* [Problem to work on]: Beginning with the line containing "Royal Tank Battle 3D Cartaz", give every line again exactly as it is, ending with the last line of the entries.

* [Data supplied]:
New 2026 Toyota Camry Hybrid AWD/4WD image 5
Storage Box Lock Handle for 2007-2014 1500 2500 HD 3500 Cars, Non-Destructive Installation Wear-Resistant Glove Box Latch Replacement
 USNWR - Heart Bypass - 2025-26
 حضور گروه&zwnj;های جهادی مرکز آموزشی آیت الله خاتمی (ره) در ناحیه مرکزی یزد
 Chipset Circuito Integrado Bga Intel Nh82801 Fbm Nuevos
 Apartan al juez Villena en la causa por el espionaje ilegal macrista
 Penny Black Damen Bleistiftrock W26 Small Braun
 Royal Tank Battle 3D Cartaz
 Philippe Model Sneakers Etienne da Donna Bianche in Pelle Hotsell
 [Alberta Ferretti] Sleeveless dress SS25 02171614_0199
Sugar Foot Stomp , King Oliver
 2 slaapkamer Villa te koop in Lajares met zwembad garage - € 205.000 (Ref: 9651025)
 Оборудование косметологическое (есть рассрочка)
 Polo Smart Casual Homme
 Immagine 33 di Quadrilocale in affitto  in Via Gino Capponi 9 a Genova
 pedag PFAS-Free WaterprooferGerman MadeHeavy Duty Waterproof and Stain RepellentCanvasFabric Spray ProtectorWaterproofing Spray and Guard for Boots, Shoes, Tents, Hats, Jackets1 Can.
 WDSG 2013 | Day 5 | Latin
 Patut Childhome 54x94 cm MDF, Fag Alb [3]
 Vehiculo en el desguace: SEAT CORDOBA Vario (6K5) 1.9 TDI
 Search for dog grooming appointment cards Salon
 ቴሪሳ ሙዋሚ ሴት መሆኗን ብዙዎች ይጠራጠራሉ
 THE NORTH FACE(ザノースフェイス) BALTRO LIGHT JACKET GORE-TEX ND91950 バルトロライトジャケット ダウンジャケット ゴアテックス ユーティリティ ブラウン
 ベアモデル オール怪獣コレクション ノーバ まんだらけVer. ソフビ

* [The completed task]:
 Royal Tank Battle 3D Cartaz
 Philippe Model Sneakers Etienne da Donna Bianche in Pelle Hotsell
 [Alberta Ferretti] Sleeveless dress SS25 02171614_0199
Sugar Foot Stomp , King Oliver
 2 slaapkamer Villa te koop in Lajares met zwembad garage - € 205.000 (Ref: 9651025)
 Оборудование косметологическое (есть рассрочка)
 Polo Smart Casual Homme
 Immagine 33 di Quadrilocale in affitto  in Via Gino Capponi 9 a Genova
 pedag PFAS-Free WaterprooferGerman MadeHeavy Duty Waterproof and Stain RepellentCanvasFabric Spray ProtectorWaterproofing Spray and Guard for Boots, Shoes, Tents, Hats, Jackets1 Can.
 WDSG 2013 | Day 5 | Latin
 Patut Childhome 54x94 cm MDF, Fag Alb [3]
 Vehiculo en el desguace: SEAT CORDOBA Vario (6K5) 1.9 TDI
 Search for dog grooming appointment cards Salon
 ቴሪሳ ሙዋሚ ሴት መሆኗን ብዙዎች ይጠራጠራሉ
 THE NORTH FACE(ザノースフェイス) BALTRO LIGHT JACKET GORE-TEX ND91950 バルトロライトジャケット ダウンジャケット ゴアテックス ユーティリティ ブラウン
 ベアモデル オール怪獣コレクション ノーバ まんだらけVer. ソフビ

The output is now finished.